Grenzen für politische Entscheidungen auf nationaler Ebene setzen vor allem die supranationalen Vereinbarungen, zu denen sich Österreich bekannt hat und die es vielfach in den Verfassungsrang gehoben hat. Konkrete Beispiele finden sich in den vergangenen Jahren einige: Da wären die diversen Kürzungsmodelle für die bedarfsorientierte Mindestsicherung, eingeführt von den Bundesländern Ober- und Niederösterreich, die schließlich auch teilweise als Vorbild für die neue bundeseinheitliche Lösung von Türkis-Blau dienten.

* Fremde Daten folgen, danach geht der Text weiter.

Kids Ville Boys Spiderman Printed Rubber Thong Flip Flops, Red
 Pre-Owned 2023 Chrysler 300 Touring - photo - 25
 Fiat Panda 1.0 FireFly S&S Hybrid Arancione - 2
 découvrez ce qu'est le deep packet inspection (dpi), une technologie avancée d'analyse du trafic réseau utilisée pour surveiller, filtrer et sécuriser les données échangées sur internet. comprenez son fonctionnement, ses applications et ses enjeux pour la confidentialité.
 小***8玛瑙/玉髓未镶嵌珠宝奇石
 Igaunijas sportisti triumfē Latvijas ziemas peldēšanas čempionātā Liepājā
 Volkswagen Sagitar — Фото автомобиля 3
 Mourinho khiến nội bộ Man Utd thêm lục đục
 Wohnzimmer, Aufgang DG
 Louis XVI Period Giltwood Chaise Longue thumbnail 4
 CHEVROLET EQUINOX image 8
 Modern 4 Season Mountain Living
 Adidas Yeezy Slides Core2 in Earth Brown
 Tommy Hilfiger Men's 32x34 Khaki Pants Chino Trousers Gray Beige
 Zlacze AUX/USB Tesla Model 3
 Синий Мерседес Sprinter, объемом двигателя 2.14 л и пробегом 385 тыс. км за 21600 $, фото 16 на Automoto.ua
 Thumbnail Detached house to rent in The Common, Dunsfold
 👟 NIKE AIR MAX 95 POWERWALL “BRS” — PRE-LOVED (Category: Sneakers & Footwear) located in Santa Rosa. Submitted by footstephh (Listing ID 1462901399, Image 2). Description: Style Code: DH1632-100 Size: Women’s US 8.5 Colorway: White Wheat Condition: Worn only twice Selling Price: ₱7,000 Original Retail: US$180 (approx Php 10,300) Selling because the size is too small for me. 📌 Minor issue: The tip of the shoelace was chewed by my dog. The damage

Verfassungsrechtler gaben durch die Bank zu bedenken, dass eine Ungleichbehandlung von Staatsbürgern und Asylberechtigten mit dem europäischen Recht unvereinbar sei. Beschlossen wurden die Kürzungen dennoch - auch im Wissen, dass die Mühlen der österreichischen und europäischen Höchstgerichte langsam mahlen. Krieg, Flucht und Migration haben ebenso komplexe und globale Gründe wie der Klimawandel und seine unmittelbar drohenden, ja bereits spürbaren fatalen Folgen für den ganzen Planeten. Die großen Fragen zu lösen, heißt es auch aus der Politik, sei Aufgabe der Europäischen Union. Welche Konsequenzen ziehen die Politiker real daraus, wie verändert sich dadurch ihr Wirken im nationalen Rahmen?
Keine komplexen Antworten
Stefan Hammer ortet eine Tendenz. Der Staatsrechtler und politische Philosoph am Institut für Rechtsphilosophie der Universität Wien sieht als Reaktion auf die Einschränkung des Lösungsspielraumes der komplexen, globalen Probleme den Versuch einer Problemverknappung - und zwar in Form einer Zuweisung der Probleme auf jene Bereiche, in denen sich der Eindruck nationaler, bestenfalls noch europäischer Verfügungsmacht noch besser aufrechterhalten lässt. Anstatt komplexe Antworten auf komplexe Fragen zu geben, ist es hinsichtlich der eigenen Erfolgsaussichten besser, nur Teilbereiche anzusprechen, wo man nationale Lösungen anbieten kann. Die globalen Ursachenzusammenhänge für Migration würden verdrängt, sagt Hammer, und würden politisch auf das Problem reduziert, wie dicht man nationale Grenzen machen kann, oder wie - oftmals vermeintliche - Pull-Effekte für Wirtschaftsmigration beseitigt werden können. Extrem rechte Parteien und Populisten, sagt der Rechtsphilosoph, ersetzen die mühsame Problemerörterung der komplexen Gründe für Migration einfach durch verschwörungsideologische Versatzmuster. Flüchtlinge an den Grenzen? George Soros habe Schuld. Seenotrettung? Die NGOs seien es, die die Fluchtbewegungen erst auslösen würden.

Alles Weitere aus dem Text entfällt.